Militarily, a UK–French demining alliance backed by US direction would entrench a quasi‑coalition control regime over Hormuz, limiting Iran’s leverage through mines and unmanned systems. But if Iran’s leadership concludes that Washington is locking in a blockade regardless of a deal, incentives increase to test that regime with drones, fast‑boats, or gray‑zone harassment of commercial vessels. India’s direct mention—tied to dead sailors—raises the prospect of New Delhi quietly reinforcing its naval presence to protect its energy lifeline, complicating traffic management in already congested waters.

Markets now face a compressed decision window. A signed framework in the next 24–48 hours with credible sanctions relief contours would likely cap crude prices, steepen the longer‑dated curve on expectations of higher Iranian supply, and ease shipping insurance rates for voyages touching Iran. It would also shift flows in LNG and condensate, affecting Asian refiners and European utilities. Conversely, if Tehran’s denial is the truer guide and no signing occurs while the US blockade posture hardens and European navies organize, Brent and WTI could quickly price in elevated disruption risk, supporting gold and the dollar and pressuring EM currencies with oil import dependence.

Key watch points over the next 24–48 hours include: (1) any joint US–Iran or US–Gulf statement either confirming or walking back the 24‑hour signing expectation; (2) practical enforcement moves around Hormuz—boarding actions, diversions, or additional mine‑countermeasure deployments by the UK and France; (3) India’s public response after being told its shipping must comply with the blockade; and (4) evidence of Iranian or proxy retaliation against Gulf shipping or regional energy assets if the deal stalls.

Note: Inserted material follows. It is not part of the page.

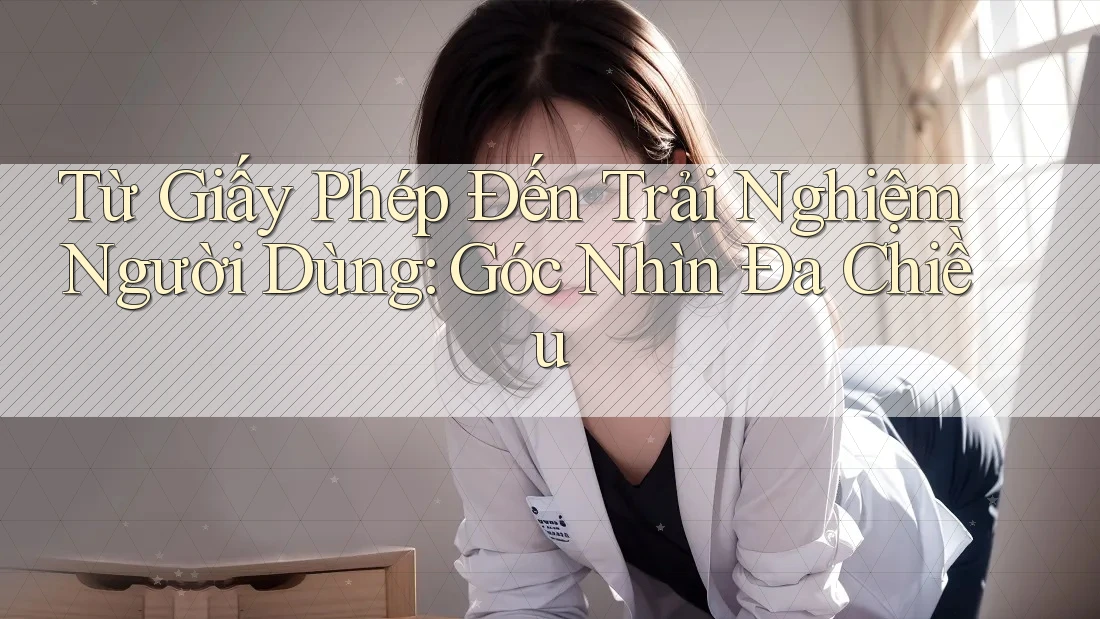 Từ Giấy Phép Đến Trải Nghiệm Người Dùng: Góc Nhìn Đa Chiều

Trading desks should prepare for rapid repricing on headlines that clarify whether this is a genuine last‑mile peace process or the prelude to a prolonged, militarized sanctions regime at the world’s most critical energy chokepoint.

**MARKET IMPACT ASSESSMENT:**
Crude, product tankers and insurance will trade on sharply binary US–Iran deal odds and Hormuz disruption risk. A signed framework within 24 hours would price in potential Iranian supply return and softer sanctions; a failed signing plus a US-declared blockade and Western naval build-up would intensify risk premia on oil, LNG, and Gulf shipping, support gold, and pressure EM FX with Gulf exposure. Defense names with naval and mine-countermeasure capabilities could benefit.